Obama arrives in Moscow on Monday at the start of a trip to Russia, Italy and Ghana that will focus heavily on energy and climate change. From Moscow, Obama travels on to Italy for a meeting of the G8 and a gathering of the major polluting countries.
Administration officials are still working out the broad outlines of an agreement that would see the US offer its expertise and technical support to Russian efforts to make its industries more energy efficient. In return Moscow would sign on to international efforts to scale back the emissions that cause global warming at a crucial UN summit in Copenhagen in December.
The overture to Russia — the third largest source of greenhouse gas emissions after America and China — furthers the strategy adopted by the Obama administration to enter into separate deals for action on climate change with each of the world’s biggest polluters.

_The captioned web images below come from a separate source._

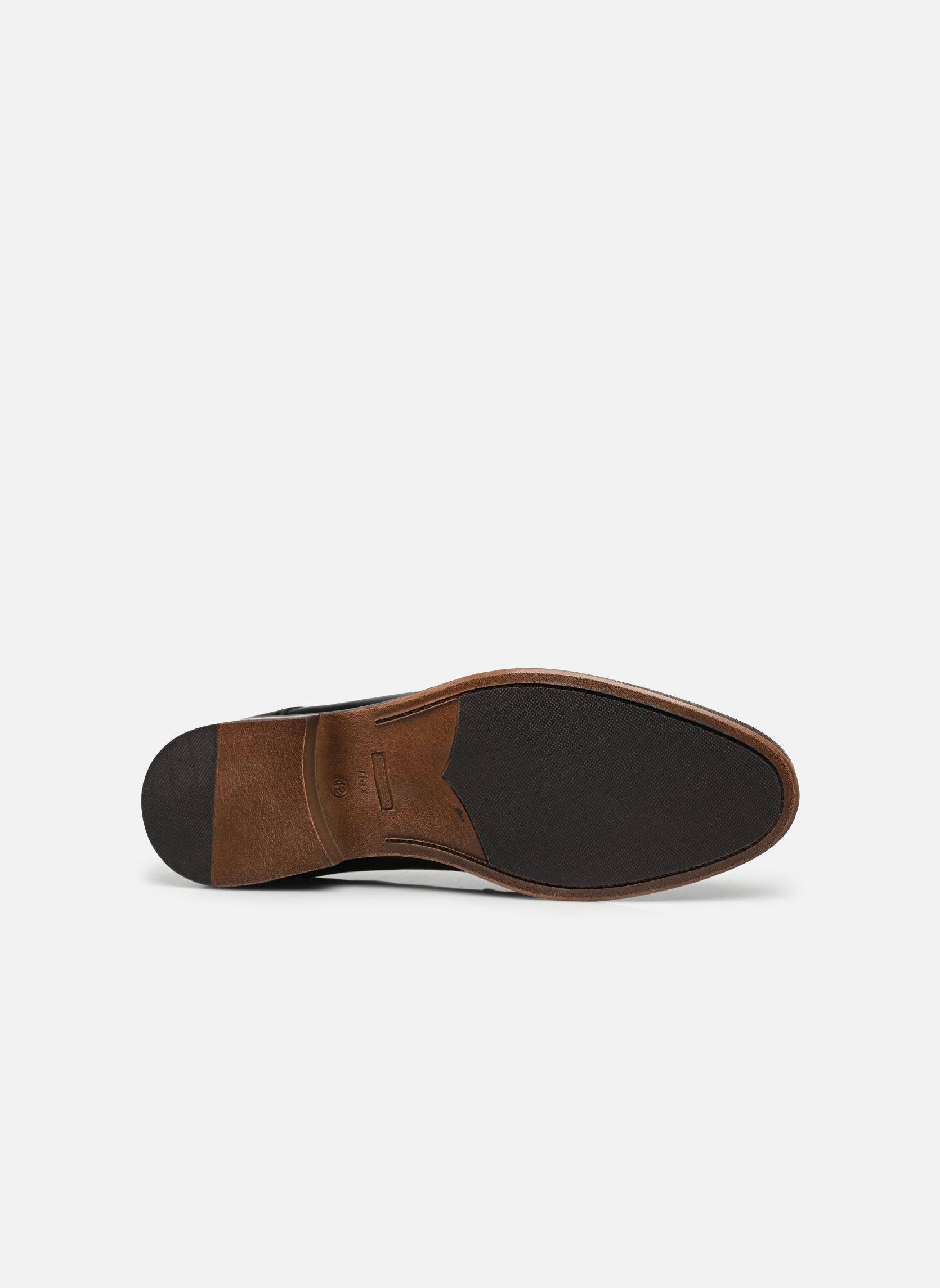 Derbys Wavine herren schwarz Marvin&Co Derbys Wavine herren schwarz Noir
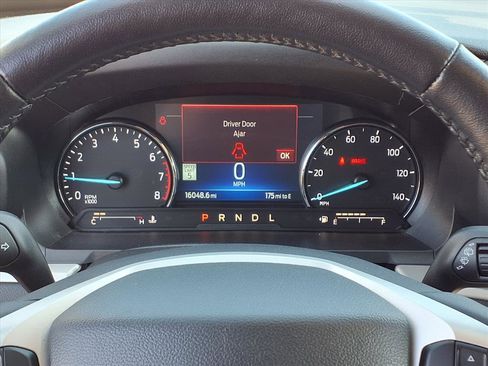 Used 2023 Ford Explorer XLT w/ Equipment Group 202A image 22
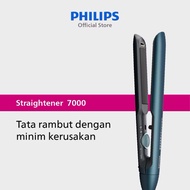 Philips Philips Philips | Straightener 7000 | HAIR CURLER | ThermoShield | Lonik protection | BHS732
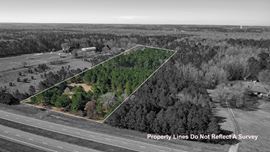 Lot 7 Highway 74 S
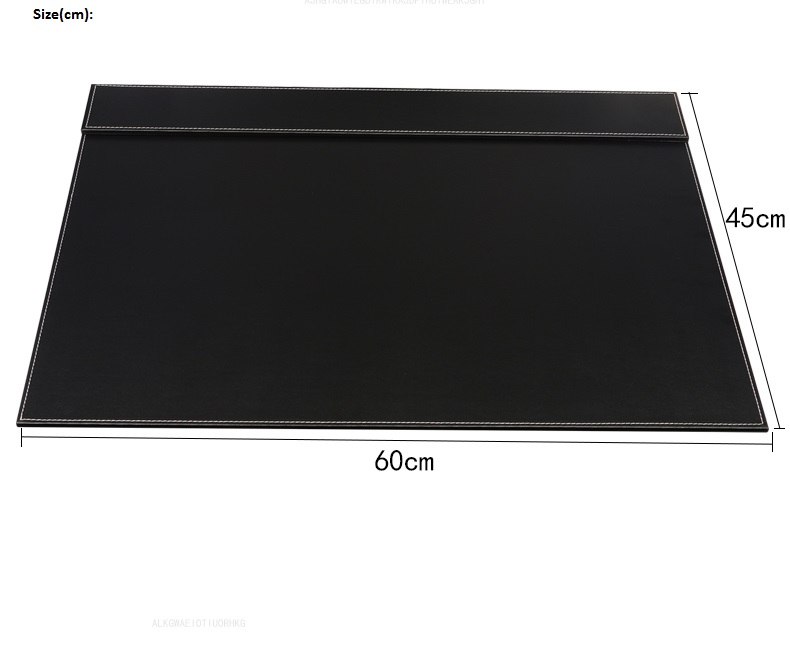 Protetor de Mesa de Escritório - Desk Mat Leather avaliação e preço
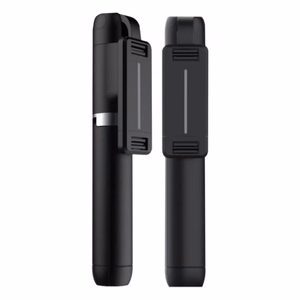 Baston "P50" must selfipulk (kaugjuhtimine Bluetoothi kaudu)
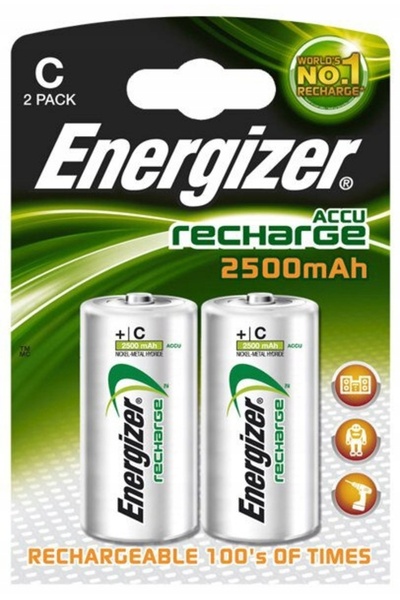 Energizer ÎNCĂRCĂTOR UNIVERSAL E301335800 AAA, AA, C, D, 9V
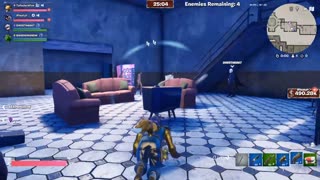 chilling and gaming[Live][w/Tailsly][18+]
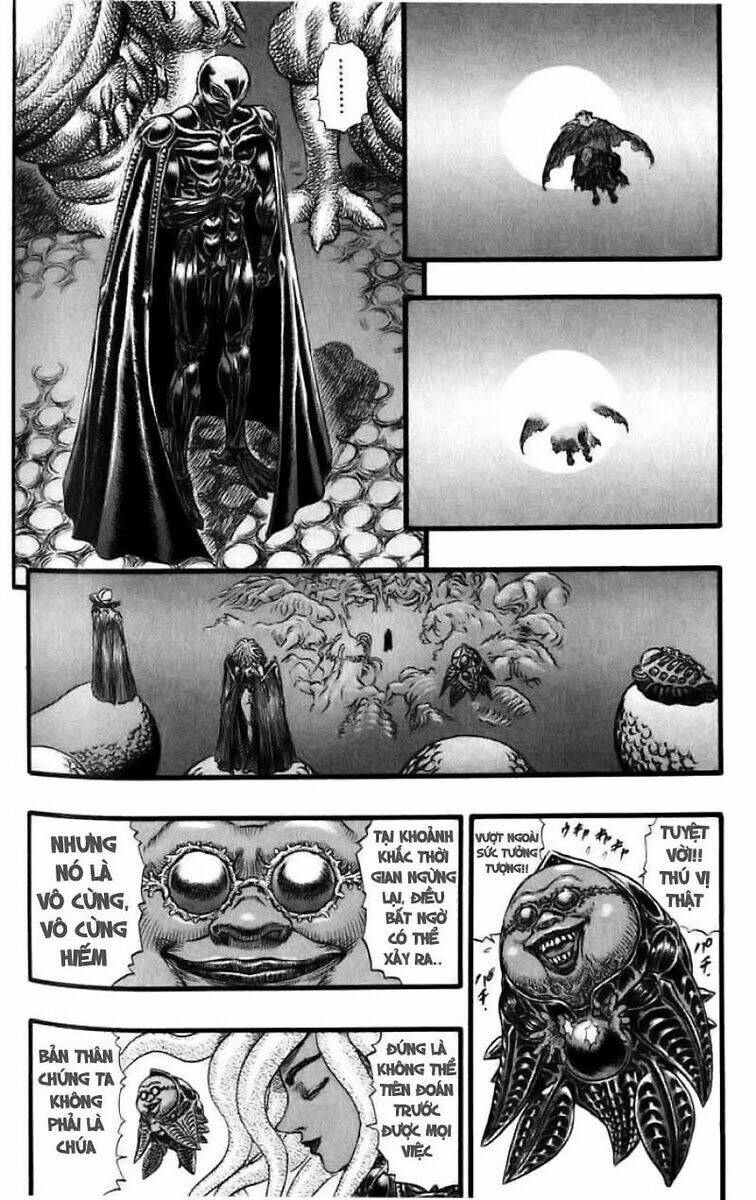Berserk Tập 104 trang 9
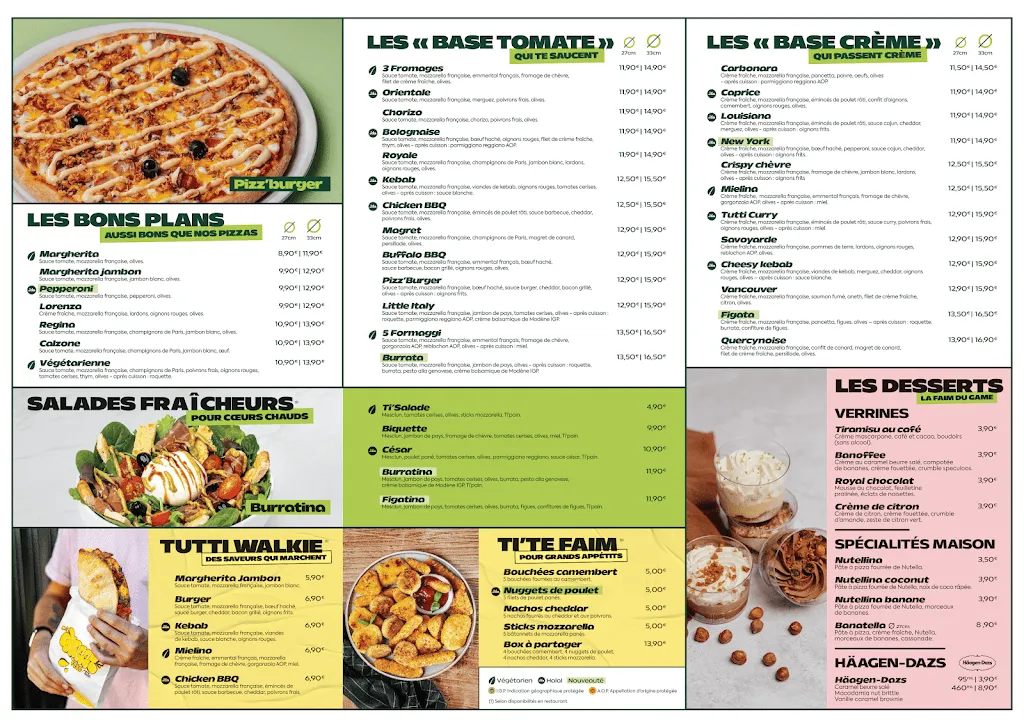 Menu_Tutti Pizza Rieumes_Rieumes_image_2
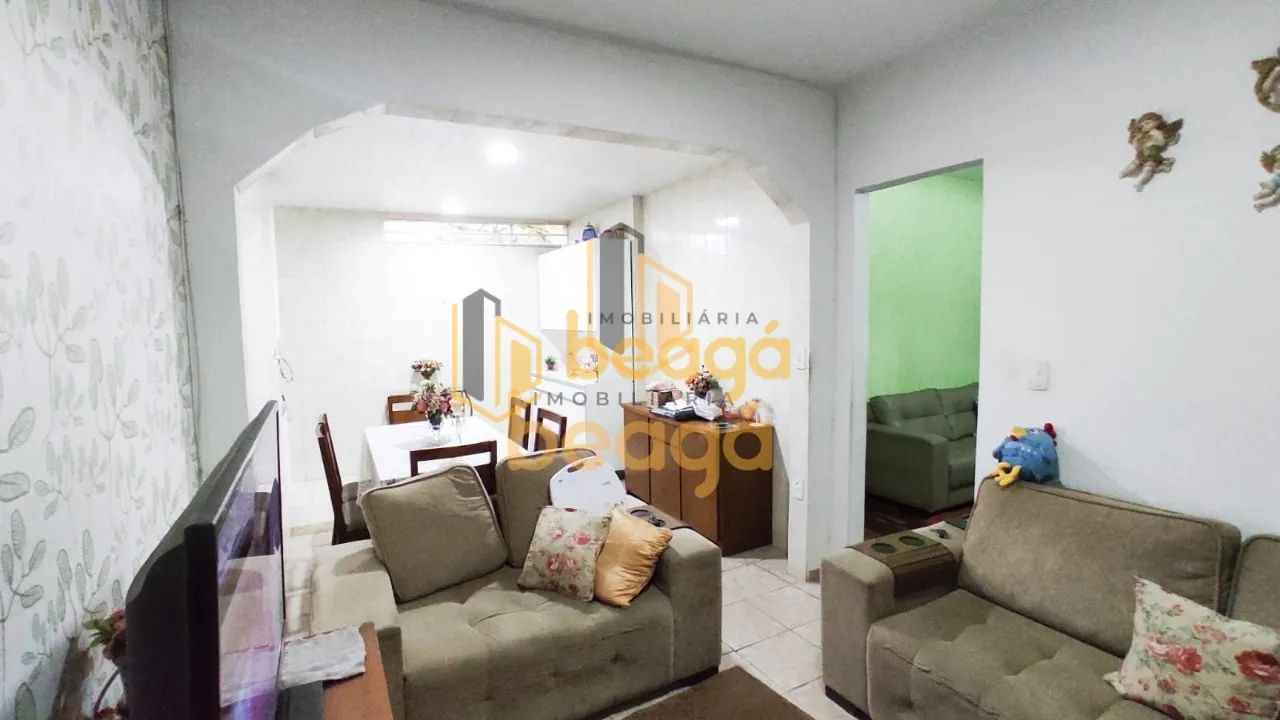 Casa com 3 quartos à venda em Belo Horizonte - Foto 3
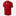 New Balance 2021-22 Roma Pre-Game Jersey - Carmine Red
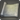 Blank grade 3 orchestrion roll icon1.png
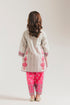 EMBROIDERED SUIT (E1697/402/003 E1697/302/003)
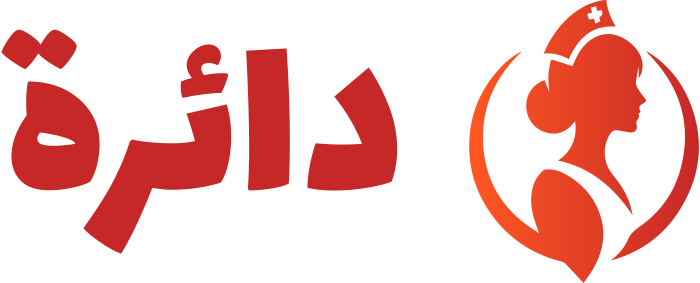 تصميم شعار دائرة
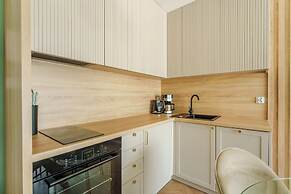 POSESJA APARTAMENTY & SPA 4a III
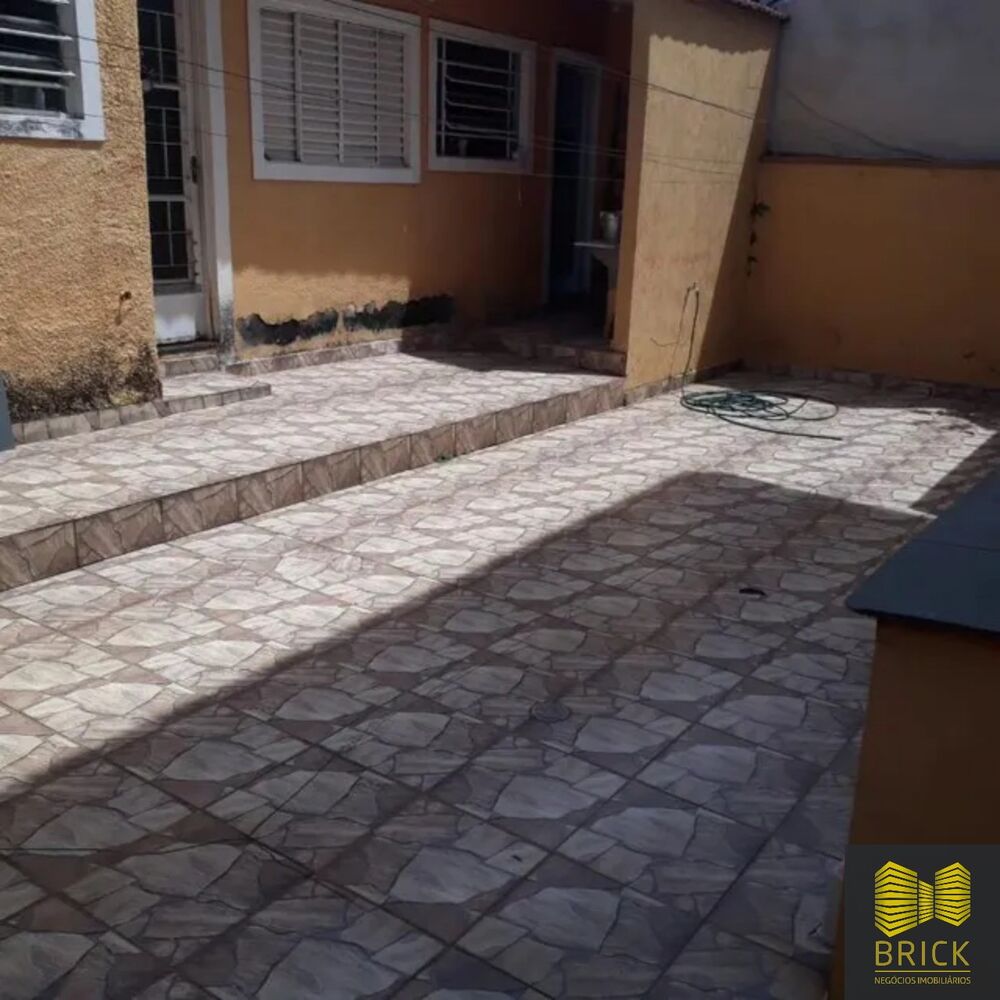 Casa, 3 quartos, 250 m² - Foto 3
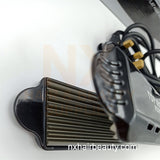 DG TOP - FLAT IRON - LD7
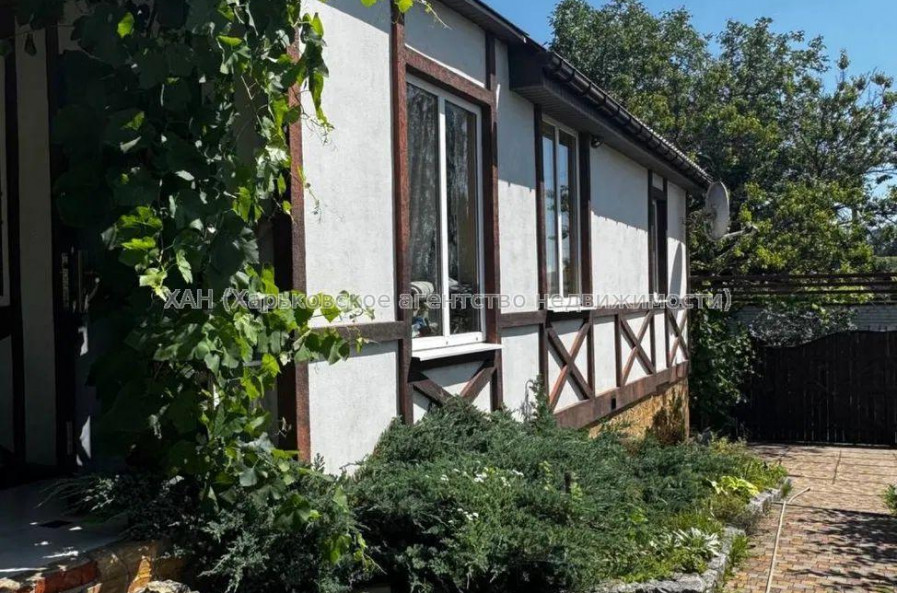 Продам будинок, Веселый пер. , 65 м², 6 соток, косметический ремонт 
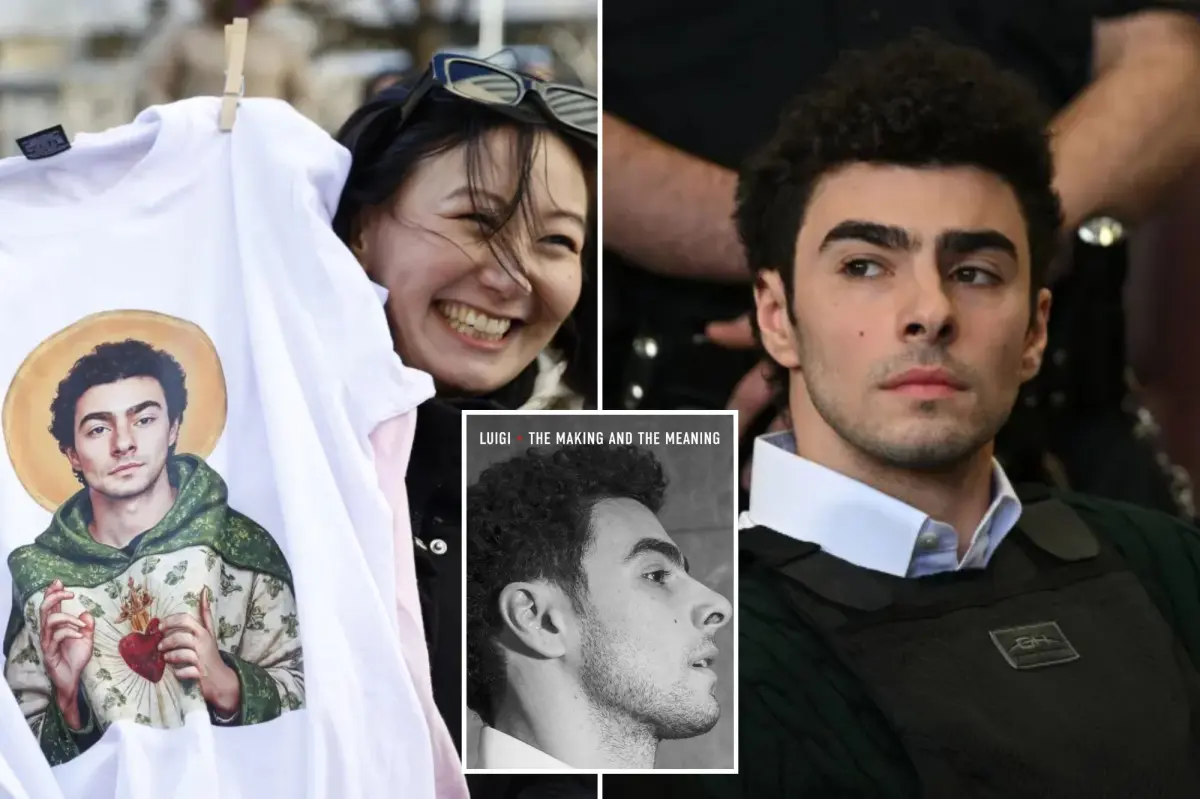 The reasons behind Gen Z’s love of Luigi Mangione should scare everyone who cares about the future of America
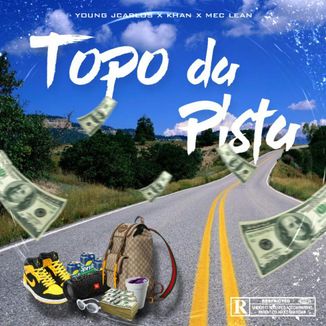 Foto da capa: Topo Da Pista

The administration sees such deals as crucial groundwork ahead of the Copenhagen meeting. They dismiss suggestions that the US is trying to undermine the UN process.
The separate negotiations policy began taking shape in May, as the US climate change envoy, Todd Stern, pursued a deal with China, the world’s biggest polluter.
Next on the list is Russa. After that, it could well be Japan or Brazil. “You can definitely say we are looking for other partners,” an administration official said.
In the case of China, as well as Russia, US officials have steered clear of trying to press for binding targets for emissions reductions.
Major environmental organisations support the Obama administration approach. David Doniger, the director of climate policy at the Natural Resources Defence Council, argues that Obama and other high-level members of his team have far greater flexibility to try to reach a deal in such bilateral talks than officials working through routine diplomatic channels.
“If you are trying to put together a baseball team you have to sign contracts with 30 players. You don’t work them out in one big meeting,” he said. “It’s very difficult in the multilateral setting. It is just not the place where it is very easy to get countries to make new moves.”
It is uncertain whether Obama will make a formal announcement of a new energy pact between the US and Russia. Instead, the president is expected to set out his ideas for a partnership with Russia on climate change and energy in a speech at the end of the summit. “They won’t have the full road map for what they are going to do but want to launch a stepped up partnership,” said Jake Schmidt, the international climate change director of the NRDC.
Another scenario envisaged is the establishment of a separate US-Russian working group on global warming to be overseen by Todd Stern, the State Department envoy on climate change.
The US and Russia have long-standing co-operation on energy, but the Obama administration would like to ratchet up that involvement.
There have also been recent signs of movement from Russia, which is beginning to engage with climate change far more seriously than before, said Andrew Kuchins of the Russia programme at the Centre for Strategic and International Studies. In April, Moscow unveiled a new doctrine on climate change. “I think there is a much more realistic appraisal about the potential pros and cons of climate change. It is hard for them to ignore what is happening in the Arctic [which is warming rapidly],” said Kuchins.
In recent weeks, the White House, State Department and National Security Council have also been studying a report from the Centre for American Progress, an influential think tank, that called for looking at climate change as an economic issue, and for demonstrating clear benefits to Russia of action. “What is most crucial is engaging them on energy efficiency. We think that it is important to frame climate change as an economic issue and one where Russia stands to benefit by first undergoing significant energy efficiency [improvements].”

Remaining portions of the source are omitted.